Weekend Forecast for May 15-17, 2009
By Reagen Sulewski
May 14, 2009
BoxOfficeProphets.com
With the two big films of Summer 2009 released so far looking to be just medium-sized hits, Hollywood is looking for something to be the first truly huge film of the year. If they want it to happen this weekend, they'd best keep on walking.
Angels & Demons is the follow-up/prequel to the 2006 adaptation of the Dan Brown mega-bestseller The Da Vinci Code, which sees the return of symbologist Robert Langdon and his made-up profession, using his skills to crack religious mysteries, specifically in this case, that threaten the Catholic Church.
Langdon is called in when a physicist at the CERN laboratory in Switzerland is found murdered, with the mark of the Illuminati, a sooper-sekrit anti-Christian society, burned into his chest.

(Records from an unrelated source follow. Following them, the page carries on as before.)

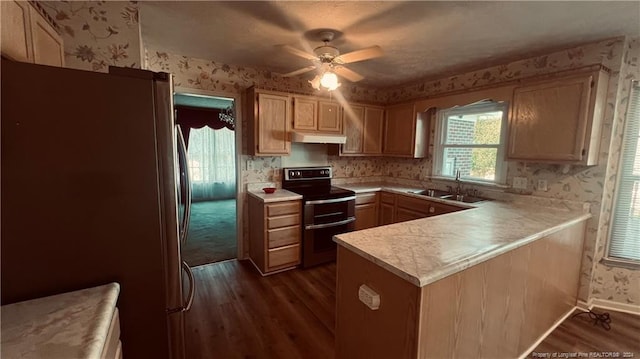 kitchen with ceiling fan, electric stove, stainless steel refrigerator, sink, and kitchen peninsula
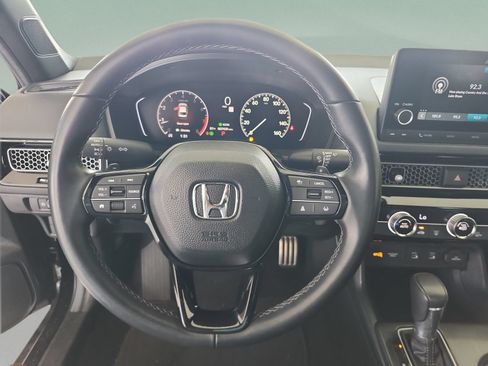Used 2025 Honda Civic Sport image 10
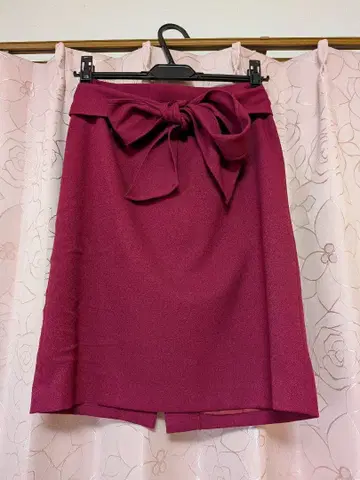 ASTORIA ODIER 리본 포함 타이트 스커트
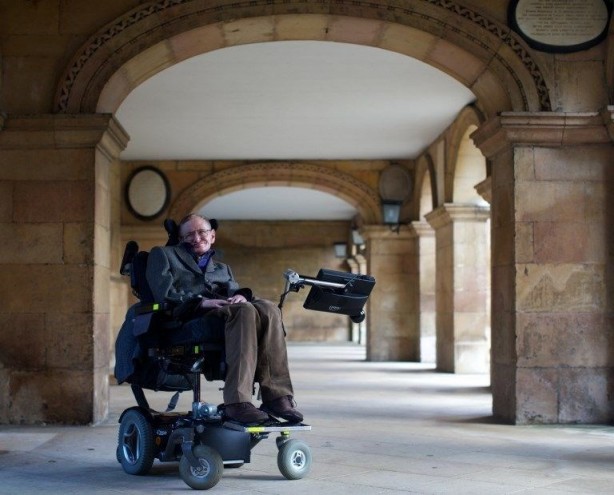 Foto - Hawking ölmeden önce insanoğlunu uyarmış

It's then revealed that members of this group have stolen a vial of anti-matter from the facility and are planning to use it to destroy the Vatican with a massive explosion. If that wasn't enough drama, Vatican Cardinals are in the midst of picking a new Pope.
Tom Hanks returns for his role as Langdon, joined by Ewan McGregor as an influential member of the Papal Conclave, Stellan Skarsgard as the head of the Swiss Guards and a whole host of actors who I'm sure are quite famous in Europe, but that you've never heard of. Ron Howard also returns to direct.
While The Da Vinci Code set all the sales records, Brown fans often claim that Angels & Demons is the better book (but then: they read Dan Brown books). And even those fans poorly received the Da Vinci Code adaptation, although it put up a gaudy $77 million opening weekend on the way to a $217 million final figure. Unfortunately for Hanks, Howard and Brown, the bloom may be off the rose, as the combination of the poor quality of that film, plus Angels & Demons' lesser popularity, could sink Angels & Demons, relatively.
We may be looking at a Prince Caspian situation, where the fandom really existed only in one book, and any attempts to graft that popularity onto other works from the author aren't going to take. In that example, the second Narnia film earned just a little over half of the first. I don't expect that bad a result, but initially we should see a drastic shrinking of the opening weekend, to around $47 million. In any case, we'll get to see just how much mojo Tom Hanks has anymore. At least he doesn't have that stupid hair.
This leaves open the possibility that Star Trek could repeat at the top spot of the box office. Its $75 million opening seemed to split the difference between some of those that felt Star Trek was ready to join the realm of comic book films and those that felt it needed a bit more time to recover from the last disastrous ten years for the franchise. In the end, both were kind of right.
Weekday numbers are never exacting as far as predicting weekend holdovers, but can often act as a useful barometer. In Star Trek's case, it's clear skies ahead, with its Monday-to-Thursday figures running ahead of the much higher opening Iron Man, which you'll remember wasn't too shabby in the legs department itself. With a bit of a lull out there, Star Trek might be primed to clean up for another weekend, building on spectacular word-of-mouth. Based on the number I'm predicting for Angels & Demons, though, it should fall just a tad short, with $45 million, still an outstanding blockbuster performance in this day.
Help is not coming for Wolverine, though, which dropped a near unfathomable 70% from its opening weekend. Like Mick Jagger without the Stones, the first solo effort from the X-Men crew was intriguing but ultimately reminded people why the whole is better than its parts. At this point, Wolverine might hit $170 million, but that's not a sure thing. Give it $11 million for its third frame.
Ghosts of Girlfriends Past hung on reasonably well in the absence of any romantic comedy competition, earning $10 million in its second weekend. We're looking at the standard $65-80 million final total here, and as odious as these films of McConaughey's tend to be, they remain one of the most consistent bets outside of cheap horror.